Sky News in a huff because Tories won’t give broadcaster access to PM Theresa May

Sky News in a huff because Tories won’t give broadcaster access to PM Theresa May
One of Britain’s biggest private news broadcasters has complained it is being deliberately denied access to the Conservative election campaign because it gave the Tories bad press. This is despite the broadcaster’s alumni now working for Theresa May.

As May delivered her party’s manifesto on Thursday morning, a spokesperson for Sky News saw fit to issue a complaint about the level of control the prime minister imposed over each press event.

“Since early in the election campaign, Sky News has not been getting live interviews on election issues with Conservative ministers,” a channel’s official said in a statement.

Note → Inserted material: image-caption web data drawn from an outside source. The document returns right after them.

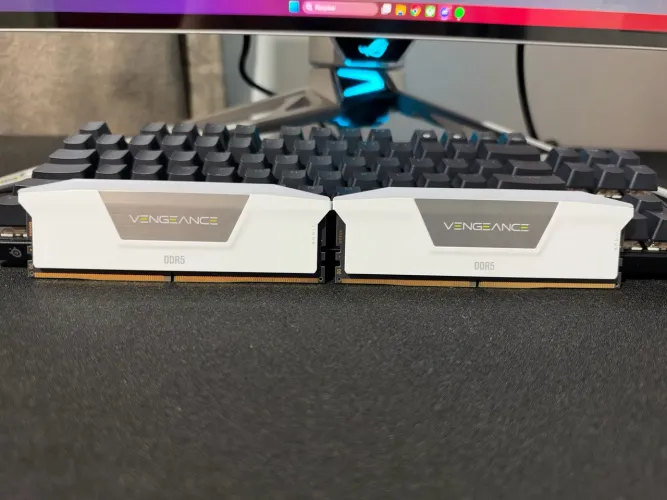 Corsair vengeance rgb 6000mhz cl36 semi nova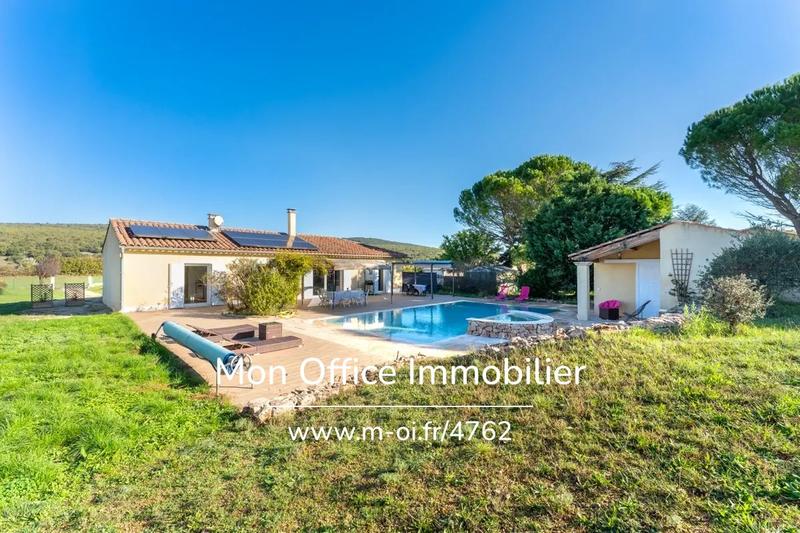 Villa - 200 m² - 7 pièces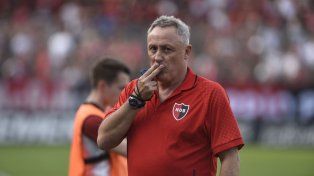 El DT de Newells Ricardo Lunari valoró la victoria por la gran entrega de los jugadores.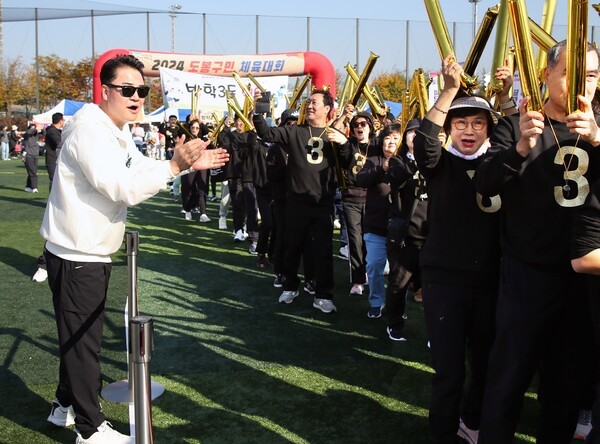 ▲오언석 도봉구청장이 구민들에게 응원을 하고 있다.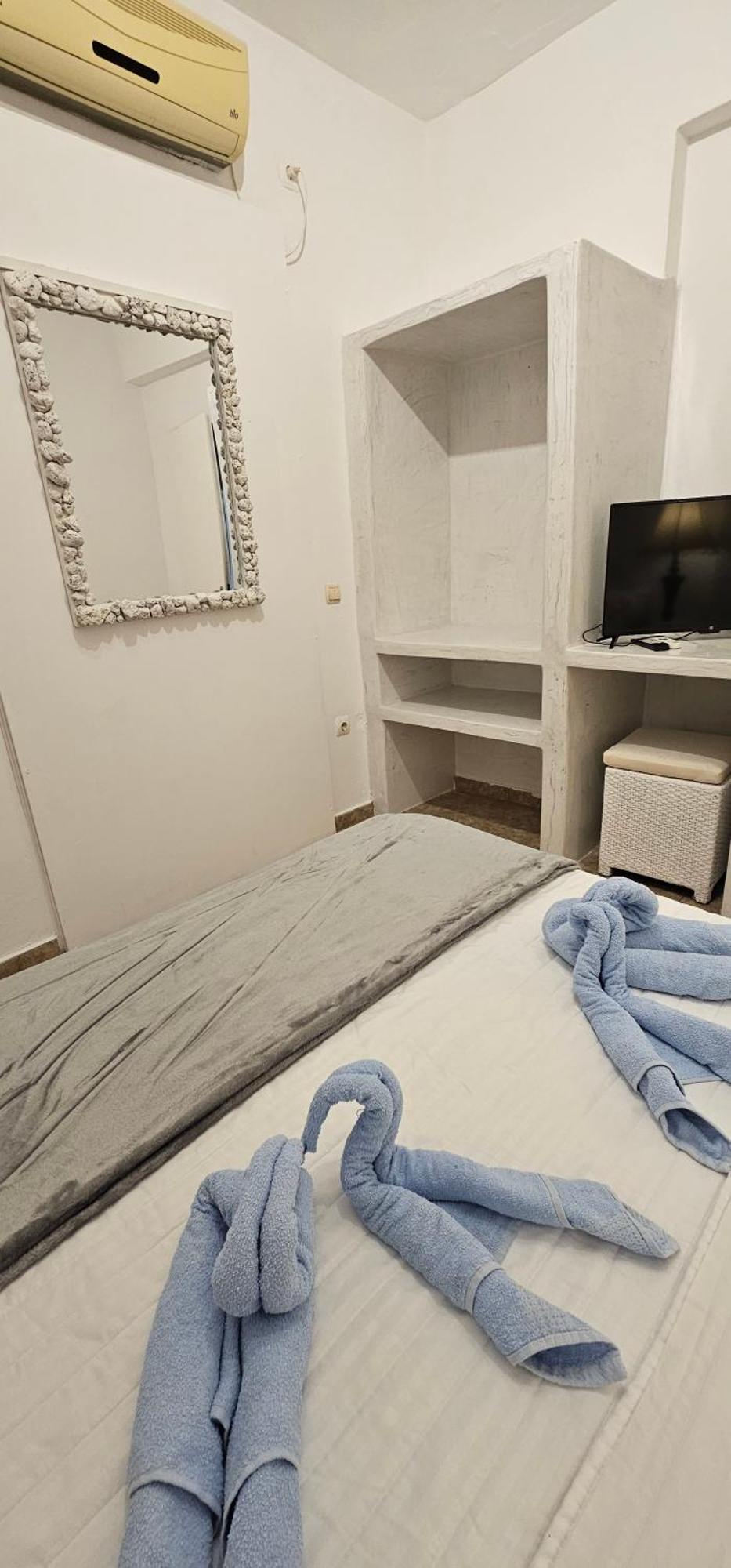 Pleasure Seaside Rooms Perissa (Santorini) Exterior foto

“Also, we weren’t initially invited to follow the leader’s tour. We understand this to be because members of the prime minister’s team are unhappy with aspects of our political coverage. Sky News stands by its journalism and is committed to fair, impartial, and accurate reporting of all the political parties.”

The comments follow a reported spat between the broadcaster and the Conservative leadership, after Sky’s editor-at-large Adam Boulton speculated about May’s health on the day the snap election was called.

In April, another Sky News exclusive did not sit well with May’s team, when the channel’s senior political correspondent Beth Rigby ran a story about Foreign Secretary Boris Johnson being pushed out of the way during the election campaign so to avoid any of the blonde bombshell’s infamous gaffes.

A source mentioned by BuzzFeed UK even “claimed Sky News did not receive advance briefing of the Conservatives' manifesto launch on Thursday, despite some friendly newspapers being given previews of some policies.”

In a series of tweets published by Anushka Asthana that morning, the Guardian’s political editor also revealed that Boulton had complained about May’s advisers “blocking Sky News from interviewing Cabinet ministers.”

The complaint is particularly surprising, as one of May’s chiefs-of-staff, Fiona Hill, was once employed by Sky News.

Indeed, Sky News has a long history of revolving doors between its payroll and successive British governments.

After Hill, it was the turn of Sky News consumer affairs correspondent Poppy Trowbridge to leave and join Chancellor Philip Hammond’s team as a special adviser.

Before her, the channel’s deputy political editor Joey Jones was moved from Sky Central, in the West London neighborhood of Brentford to Westminster, as the official spokesman for the then-newly-minted PM May.

And even Boulton has his own close links with the British Establishment, having married Tony Blair’s one-time assistant Anji Hunter.

Their 2006 wedding was attended not just by Blair, but also former Labour ministers Tessa Jowell, David Blunkett and Peter Hain, and former BP boss Lord Browne.